Einstein en Absurdistan

Conjuguant suspense, comique et surréalisme, "Les Cloches d’Einstein", du Hongrois Lajos Grendel, est un petit bijou d’irrévérence et de liberté.

 

Ferkò rêve d’une vie tranquille. Mais ce jeune mathématicien est sans cesse confronté à des choix pénibles, dans un régime qui ne permet pas d’exister hors du système. Ainsi, s’il veut épouser Zsòfi, il doit entrer au parti, lui assène le père de son amoureuse. Il obtempère, malgré les avertissements de son «Moi Inégalable» – une voix «grave comme le son des grosses cloches» qui surgit à des moments clés de son existence. Son dignitaire de beau-père lui dégote aussitôt un travail: il sera sous-directeur de l’Institut de recherche de l’anabase, obscure officine camouflée en usine de textile, où des couturières patibulaires font écran à une équipe de chercheurs qui prennent le pouls du pays…

Lajos Grendel suit donc la trajectoire de ce narrateur naïf et vulnérable confronté aux remous de l’histoire, dans un pays d’Europe de l’Est à l’orée d’une deuxième révolution – les caciques du parti font des mécontents. Mais quelle est la différence, au fond, entre «eux» et «nous»?

Conjuguant suspense, comique et surréalisme, Les Cloches d’Einstein est un petit bijou d’irrévérence et de liberté. Corrosif et jubilatoire, l’humour de Lajos Grendel crée un effet de surprise qui contredit à lui seul toutes les scléroses d’une politique kafkaïenne. Loin d’empêcher la profondeur du propos, sa fantaisie souligne dès lors avec élégance l’absurdité du régime.

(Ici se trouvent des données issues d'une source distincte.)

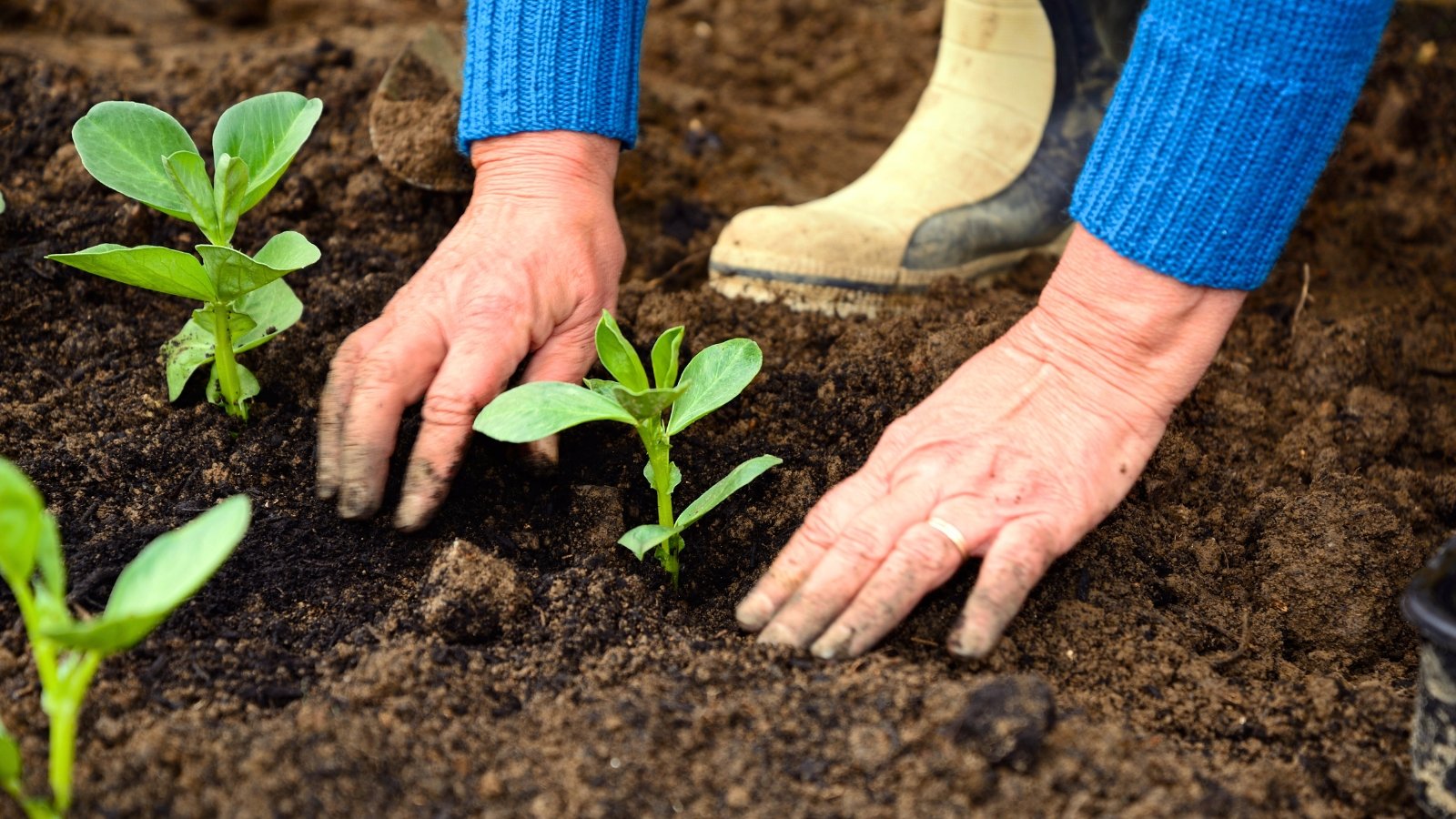 An old gardener plants a young bean plant with rounded, smooth green leaves on a short, sturdy stem in loose, dark brown soil.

Dans cette contrée justement baptisée Absurdistan, la vie privée n’existe pas. «Le parti nous accompagnait partout comme notre ombre, il s’insinuait même dans notre lit», note Ferkò, déplorant la sexualité normée de Zsòfi. Mais quand il voudra la quitter pour Dora, c’est toute son existence qui sera chamboulée… Rétif à s’engager, mené par ses sentiments, Ferkò navigue à vue dans un climat de suspicion générale. Sa vie lui échappe, toujours décidée par d’autres, lui-même attendant que la voix de son Moi Inégalable, personnifié par Einstein, lui montre le chemin. Il finira pourtant par trouver, en toute modestie, bonheur et liberté…

Né en 1948 en Slovaquie occidentale, Lajos Grendel est l’auteur d’une trentaine de romans, recueils de nouvelles et essais écrites en hongrois. Ne reste qu’à souhaiter que d’autres de ses œuvres soient traduites en français.

 

Lajos Grendel, Les Cloches d’Einstein, traduit du hongrois (Slovaquie) par Véronique Charaire, Ed. La Baconnière, 2018, 214 pp.